Depois de uma viagenzita a Santiago de Compostela – e quem me dera que tivesse feito o caminho mais uma vez! –, de ir num dia e regressar no seguinte, fiz a transatlântica viagem para o Rio de Janeiro.
Se a cidade foi descoberta a 1 de janeiro, após navegar pela primeira vez, na Baía de Guanabara, naus quinhentistas ou das descobertas (sendo mais adequado dizer achamento, pois os povos indígenas já lá estavam, como bem diz Pêro de Vaz de Caminha, na carta que enviou ao rei), cada viagem significa algo de novo que se encontra, e que faz desta cidade um lugar privilegiado ao nível da natureza.
Fiquei hospedado, como sempre, na Avenida Atlântica, em Copacabana, mas não no posto 5, próximo do forte, já que a reserva tinha sido feita para o Leme, no posto 1.
Dali, do 19º andar, via por inteiro Copacabana, abençoada pelas montanhas entrelaçadas por arranha-céus, por edifícios de muito andares, por prédios mais pequenos ou por casas desenhadas no interior dos morros, localizadas nas comunidades (ou nas favelas, como não se deve dizer).

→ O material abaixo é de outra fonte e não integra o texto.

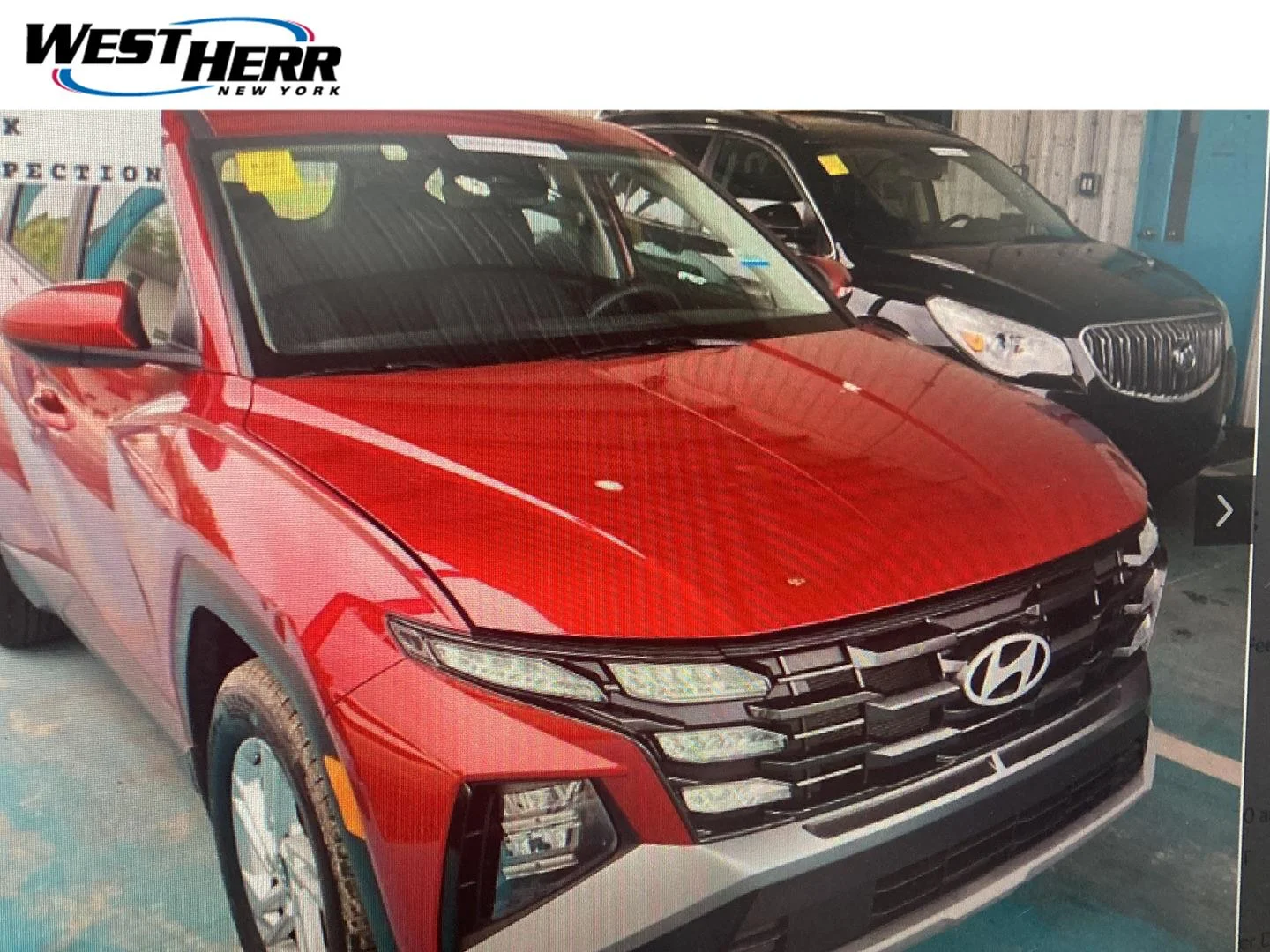 Used 2025 Ultimate Red Hyundai SE image 1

Cada vez que respirava enchia os pulmões de Rio, captando o seu poder intimista, bem como a sua magia esvoaçante, fazendo de cada transeunte um ser especial. Sentia-me em casa, como se Coura ali estivesse.
Não é por acaso que, após muitos anos de escrita vagabunda, intermitente e cadenciada pelos momentos eternos de recordação, e após ter escavado longínquas memórias da minha família, encerrei um texto sobre o meu avô, com o nome de José Joaquim Pacheco, a publicar em tempos próximos.
Podê-lo-ia ter feito noutros lugares, por exemplo em Santa, mas tinha de o fazer no Rio, e essa situação era por mim desconhecida.
Por isso, dediquei um sábado, sem sol e com um friozinho vento soprando nas janelas abertas da esplanada do hotel, à revisão do texto e à moldagem dos seus últimos encaixes, já que as imagens familiares que conservamos de forma indelével sobre a nossa família são como um lego de muitas peças, acrescido de muitas dificuldades.
Também tomei outra decisão. Quando iniciei o livro, em fevereiro de 2012, em Maputo, aproveitando as manhãs livres para escrever no jardim dos professores, tinha decidido que usaria no título o nome de uma flor muito comum de uma árvore tropical.
Apesar de ter motivos tropicais, ligados à emigração que intersetou a minha família de uma geração atrás, o livro terá por título “Monte D’Além”, no qual muitos leitores se reconhecerão, principalmente os de Ferreira.
E sobre o Rio de Janeiro, assim foi, conferindo-me uma tranquilidade que eu ainda não tinha em relação a um avó que eu não conheci pessoalmente, e de quem pouco ou nada sabia.